“Life should not be a journey to the grave with the intention of arriving safely in a pretty and well preserved body, but rather to skid in broadside in a cloud of smoke, thoroughly used up, totally worn out, and loudly proclaiming, “Wow! What a Ride!”
-Hunter S. Thompson
I have been asked multiple times to share the story of how I ended up so stupidly injuring myself in town in the first place, so here it is:
I had just hiked Forester Pass by myself at nighttime. I had hiked up steep snowy inclines, fallen, slid downwards, gotten lost, felt alone, been really cold, insecure, worried, hungry, sick, in pain, and completely depleted of energy and strength. I’m not dramatizing this for effect. Maybe for some of you this is no big deal, but for me, it was quite a feat. I’d never hiked in the snow before. I’d tried to be prepared but my winter gear didn’t arrive in time to Kennedy Meadows (after which the snowy parts of the trail begin) and was mailed ahead to a town that came after Forester Pass. I didn’t expect to experience altitude sickness (I’d hiked a third of Mt. Whitney before and didn’t feel affected by it). I planned to hike this section with someone else, but couldn’t find that person. Hiking Forester Pass is already not an easy task, and I had several disadvantages on my side.
So, when I had climbed over Forester, and the next day, Kearsarge, and was still alive afterwards, I felt pretty unstoppable. Consequently, when I got on a borrowed bicycle, I was no longer nervous about riding a bike too quickly, too carelessly, too riskily, and threw caution to the wind. Prior to hiking Forester, I could never let go of the handlebars because fear would stop me. Now, I could let go of the handlebars and feel like I’m soaring. Additionally, I learned that I could put my hands back on the handlebars and lift my legs off of the pedals instead. I stuck them out on both sides, I crossed them in a yoga pose, I placed them onto the handlebars. This newfound fearlessness felt amazing. I decided to try something stupid. I combined the two. I had my legs on the handlebars already and let go with my hands as well. Imagine that, and add the fact that I was also going too fast, and in the middle of the road as well. The bike wobbled, I didn’t have time to grab on to anything, and was thrown over the handlebars. I landed onto my tailbone, then fell onto my ride side and skidded down the road, ripping skin off as I went.

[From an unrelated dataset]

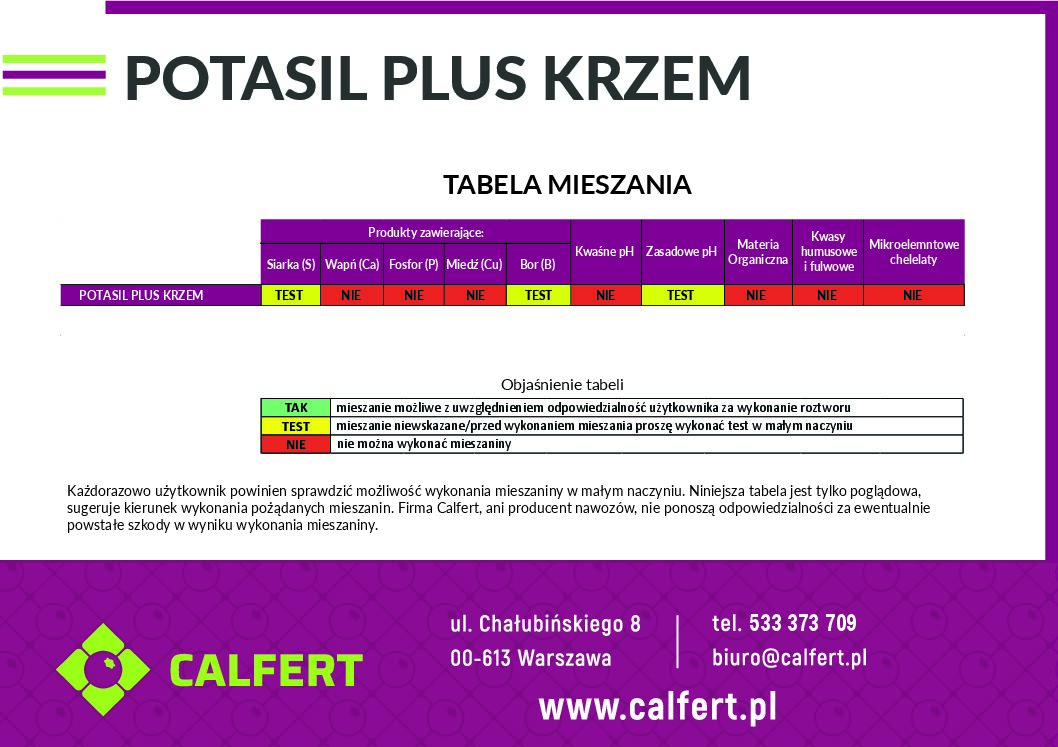 XII Letnie Pokazy Czereśniowe 2025 – technologia uprawy, systemy ochrony i kierunki rozwoju intensywnych sadów czereśniowych.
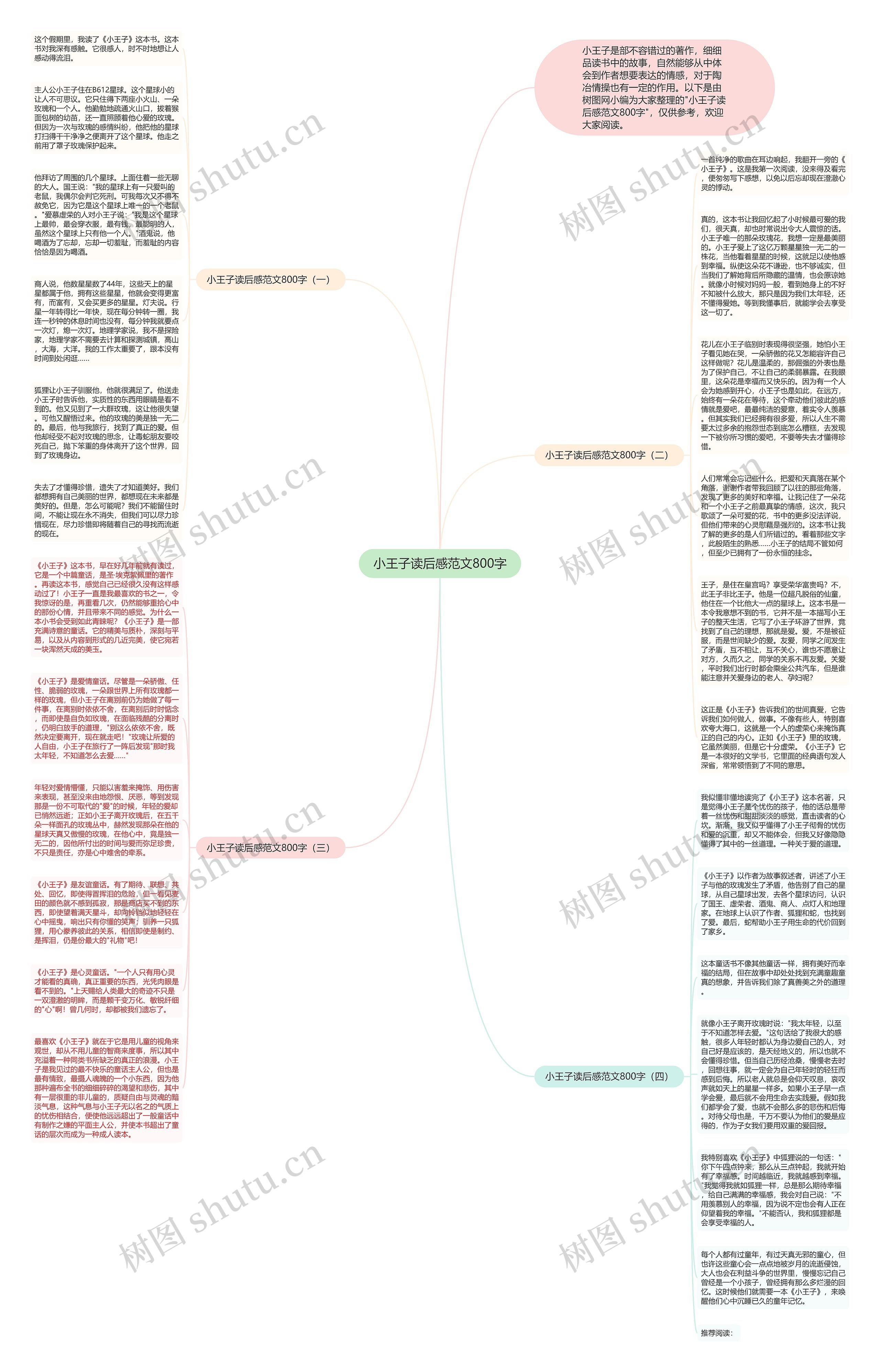 小王子读后感范文800字思维导图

I couldn’t get up. For a second, I thought I was paralyzed. A few other hikers who were biking behind me stood in the road to redirect traffic. Someone tried to pick me up. I screamed at them not to touch me. I sat there until I got used to the sudden shock of so much pain all at once, and then allowed someone to help me into a standing position. But I couldn’t walk. A passing car who’d witnessed the fall offered to take me back to the hostel, where my wonderful fellow hikers cleaned my road rash wounds, helped me ice my throbbing tailbone, and made me root beer floats (which was the whole purpose of the joyride in the first place; we went to Vons to buy ice cream and root beer). They later carried me upstairs to my room (I couldn’t climb the stairs), and in the middle of the night, when I couldn’t sleep, brought me pain killers and water. One extra sweet hiker, Horse Whistler (pictured below), proceeded to help me change the bandages on my back every day for about a week until new skin began to form where there wasn’t any.
I love these compassionate, kind-hearted souls so much, and keep in mind that I’d just met them at the hostel one day prior. The PCT is a wonderful place full of people who connect in a beautiful way and become friends for life at an astonishingly quick speed.
But, before I go off track further (I just felt the need to recognize certain people’s kindness for a moment), the moral of the story is that facing your fears emboldens you, and sometimes too much so. I have learned that accomplishing something that is challenging and difficult makes me feel powerful and invincible. I have also learned that this feeling is one that needs to be kept under control or else it can result in some risky behavior. My fragile body can’t always keep up with my soaring spirit, and I need to remember this. I need to regulate my fearlessness, diminish my feelings of invincibility, and take care of myself so that I can continue to go on crazy adventures, long-distance backpacking trips, and wild bike rides at nighttime (and occasionally, even let myself let go of the handlebars with my hands or place my feet on the handlebars, just not both combined!). I’m only human. I can fall, break, hurt, die. I need to remember this.